Yeah, yeah, there are trade offs there. So

you have a rule of thumb that you try to follow. Like when when do you throw in the towel and write and write the code?

I think it boils down to how complex the interaction is. So if I'm making a single API call that returns a single piece of data, and I'm working with that forever on, you know, that's or simple cURL call, I could see that. On the flip side, if I need this complex interaction, where I need to maintain state of these complex objects and update them in time, that I really want to hook in, in code.
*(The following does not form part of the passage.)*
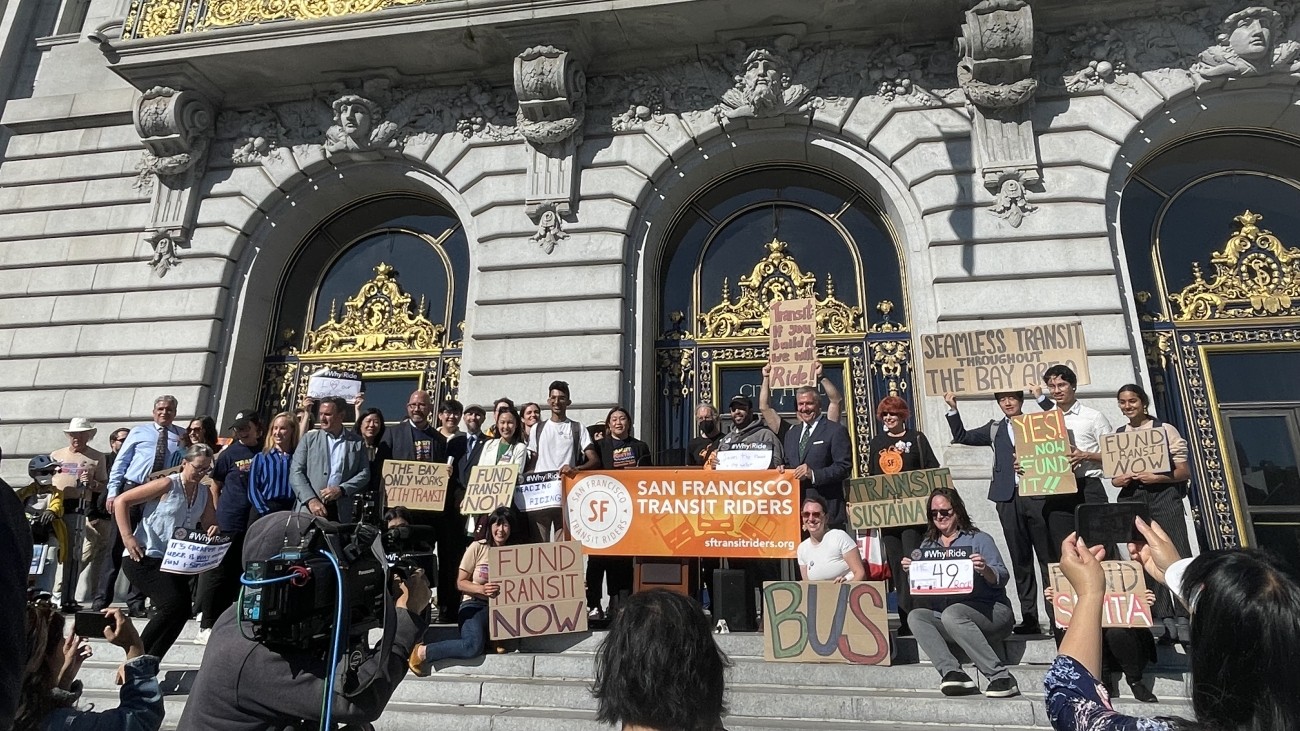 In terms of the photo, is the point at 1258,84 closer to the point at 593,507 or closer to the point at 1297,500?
the point at 1297,500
It makes sense if you're making me think for some reason about like an Ansible script, where you start with like a curl command, because you just need a piece of data and then, you know, a couple of days of hacking Ansible later, and you're like, oh, I should have just written something to wrap it, but

that could be the case. Yeah. Bro, like that. And at some point, you decide, oh, shoot, you know, let's scrap this and, and switch to hooking into the API. Yeah,

it's this is this is the thing that's so strange. Right, a lot of times we're using one tool, like Ansible or TerraForm. We hit we hit an edge where we can't easily get data that we want. So we're we're stuck going I mean, we see this we see this and people using the product we actually wrote a, a plugin for this the curl hammer, or what do we what do we do code curl hammer? Can you can you talk about all of that? Because that was that's, I think, a great example of us trying to solve this problem.

I mean, the callback stuff, the callback stuff. Yeah.

I mean, at one point, we were we had had this idea that we called foot gun, but the callback stuff evolved to be not that

well, so really, all of that the usage was to prevent leakage of credentials and control of access. So for our provisioning environments, we would have actions that we would want to do on behalf of the machine. And since our tasks run in the machines environment, we're pushing credentials and requiring access to integrated services. And so that might not have have allowed access remotely. So think of it like, hey, we want to update the DNS system with this new host name based upon information that we got at the machine like its MAC address, and other stuff like that. So we're going to try and update the host name on the on the DNS server. Well, the policy in a proper one is that machines can update their own address, right? So our whole set of foot gun behavior was okay. So we'll allow an action that will be proxied by the European point, to then take that API action. That way the and that way, it can be some arbitrary script. Well, that's also scary, and requires then somebody else to write that script. So what we then provided was our callback system allows you to put their credentials and authentication for an external API, define the payload you want to do based upon the machine. And then our plugin in go will marshal all that to an API call and provide the result. So the credentialing and all of that can be maintained and controlled outside of the machines access path. Am I talking? Can you guys hear me?

Oh, cool. Yes, I

was worried I'd muted myself, sorry, outside of the access and control of the machine. But the DRP endpoint could act as a secure credential store. And even eventually, using vault and other integrations to have access to the actual credentials, versus having that distributed down to the machines. That way the machine only got the data needed, or potentially allowed triggering based upon what the administrator allowed, and the outbound credentials there. So it wasn't necessarily a hey, let's give the way to wrap API's. It was more how do we provide distributed API proxying in a secure way? And then that evolved into well, they make it easier for our operators, who were just getting like, Hey, can you just do a post to this location? Okay. This allowed them to proxy just that post or the various other actions

either way, interesting name, foot gun. Wealth, there isn't any gun.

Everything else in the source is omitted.